*** Task material Section Begins ***
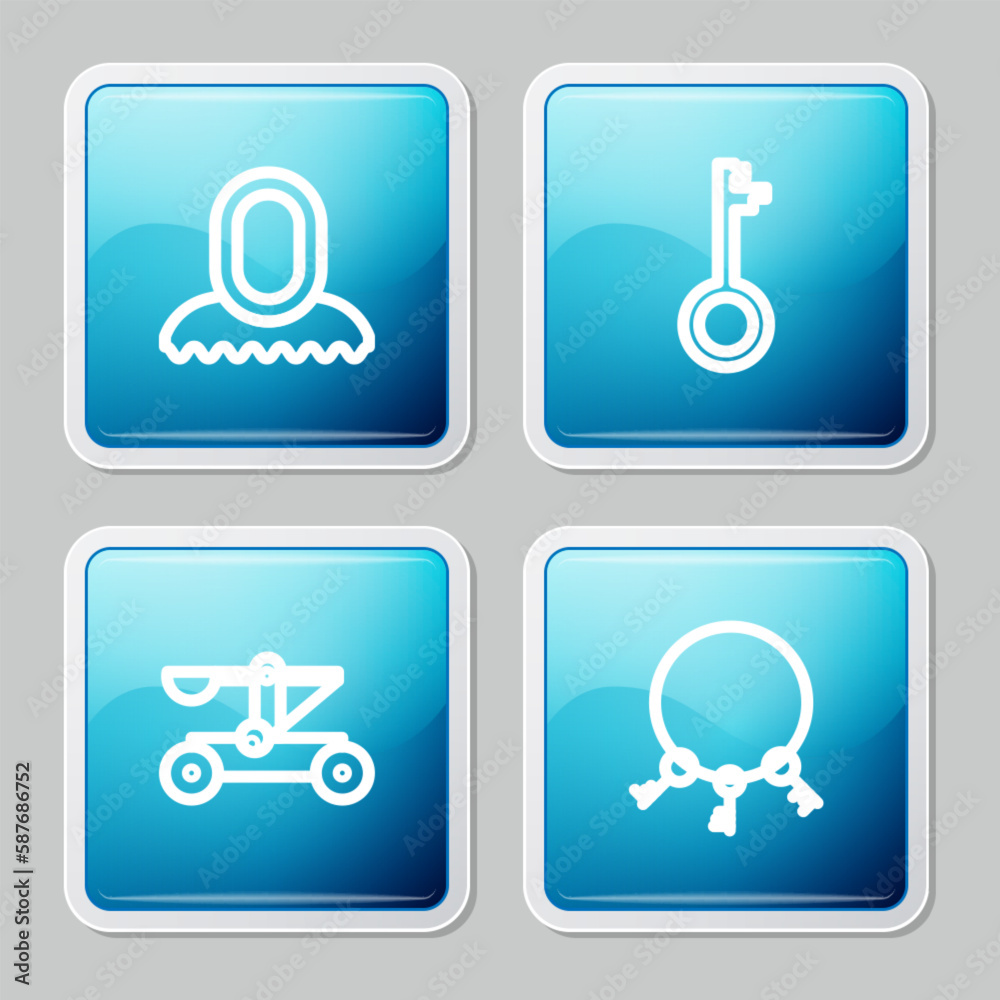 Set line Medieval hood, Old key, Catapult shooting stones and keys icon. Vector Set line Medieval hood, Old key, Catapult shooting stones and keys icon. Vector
*** Task material Section Ends ***
*** Task material Section Begins ***
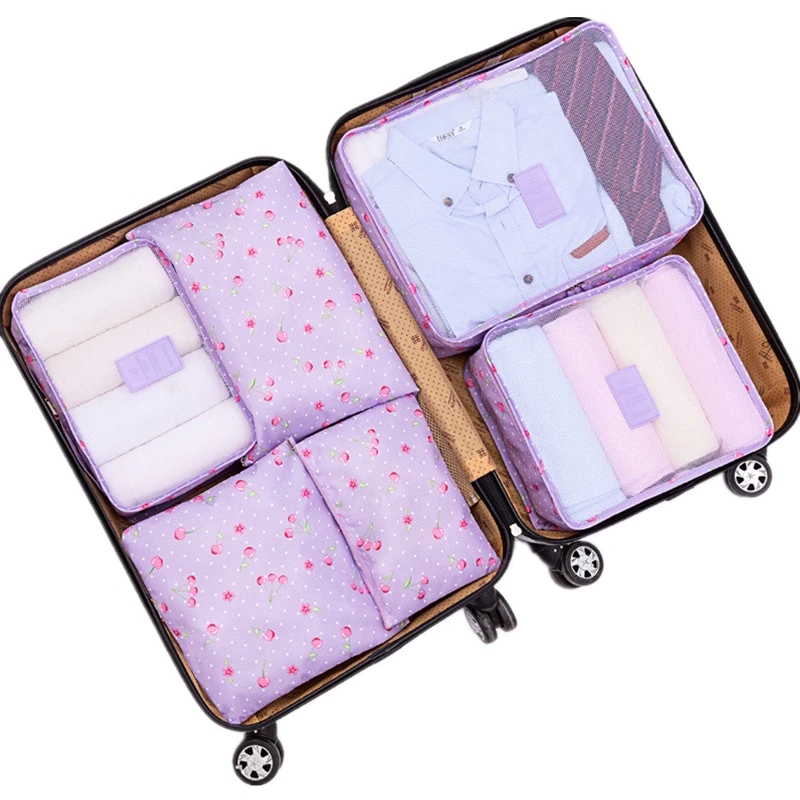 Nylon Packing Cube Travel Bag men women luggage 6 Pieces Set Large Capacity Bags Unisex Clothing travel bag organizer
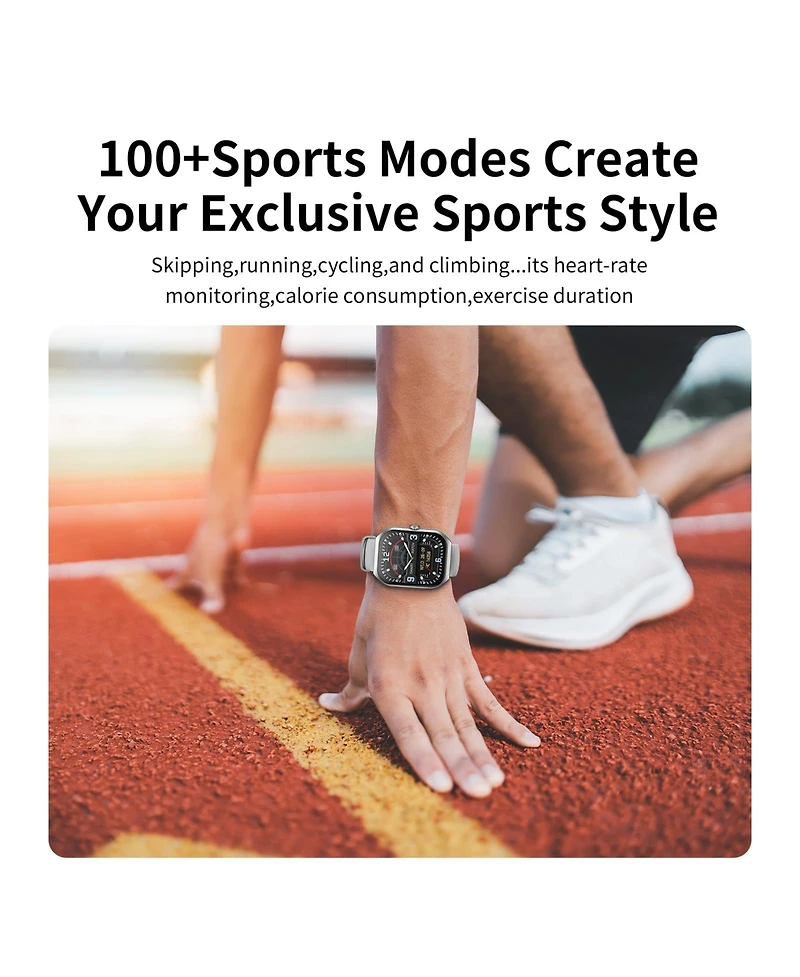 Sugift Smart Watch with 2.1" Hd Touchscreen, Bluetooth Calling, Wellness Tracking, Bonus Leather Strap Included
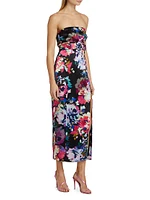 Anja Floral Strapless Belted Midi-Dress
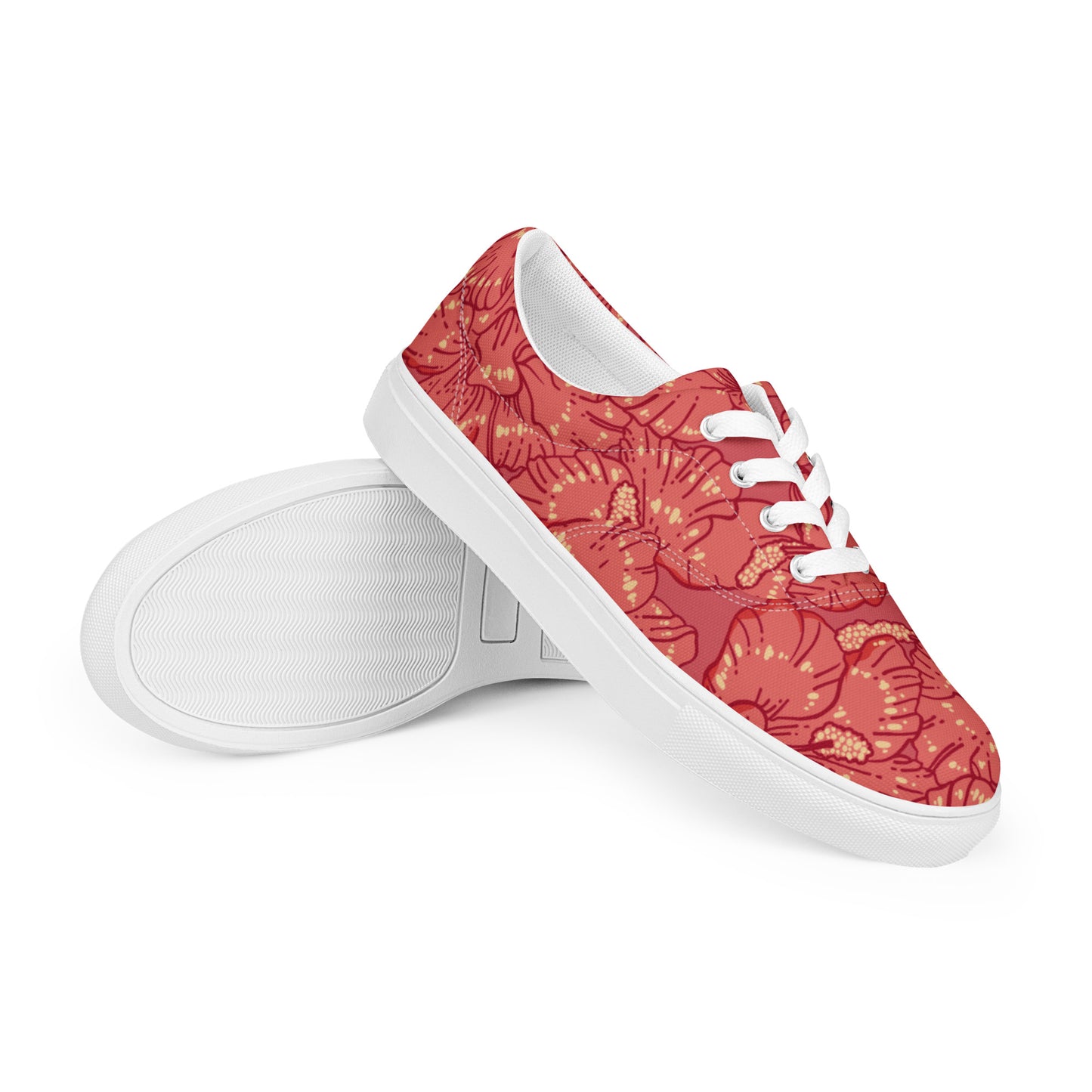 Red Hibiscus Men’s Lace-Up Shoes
*** Task material Section Ends ***
*** Task material Section Begins ***
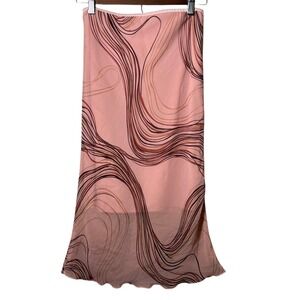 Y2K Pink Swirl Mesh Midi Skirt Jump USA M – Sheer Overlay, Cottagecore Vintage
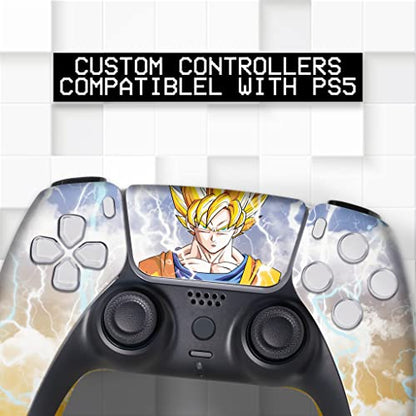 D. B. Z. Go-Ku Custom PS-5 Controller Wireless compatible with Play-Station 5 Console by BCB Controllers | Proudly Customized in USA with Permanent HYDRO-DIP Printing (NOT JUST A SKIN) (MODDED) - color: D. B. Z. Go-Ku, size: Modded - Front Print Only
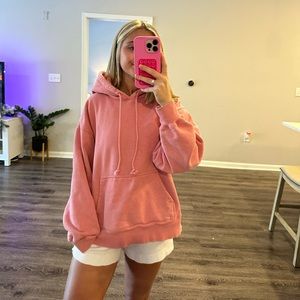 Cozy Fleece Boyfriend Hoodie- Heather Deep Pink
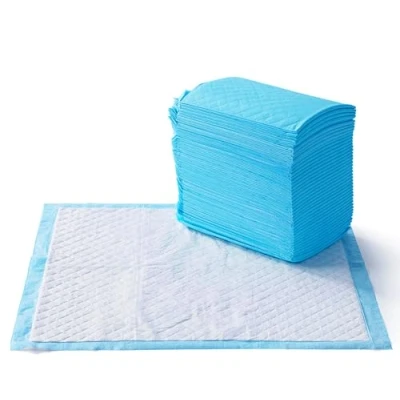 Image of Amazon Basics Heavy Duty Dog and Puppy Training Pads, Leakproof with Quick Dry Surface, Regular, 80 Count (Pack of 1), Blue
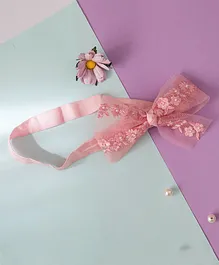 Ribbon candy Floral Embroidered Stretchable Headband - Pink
*** Task material Section Ends ***
▸ What is expected:
In the entries above, which lines run from the one with "D. B. Z. Go-Ku Custom" up to and including the one with "Ribbon candy Floral"? Write them out exactly, without the pictures.

▸ Solution to this exercise:
 D. B. Z. Go-Ku Custom PS-5 Controller Wireless compatible with Play-Station 5 Console by BCB Controllers | Proudly Customized in USA with Permanent HYDRO-DIP Printing (NOT JUST A SKIN) (MODDED) - color: D. B. Z. Go-Ku, size: Modded - Front Print Only
 Cozy Fleece Boyfriend Hoodie- Heather Deep Pink
 Image of Amazon Basics Heavy Duty Dog and Puppy Training Pads, Leakproof with Quick Dry Surface, Regular, 80 Count (Pack of 1), Blue
 Ribbon candy Floral Embroidered Stretchable Headband - Pink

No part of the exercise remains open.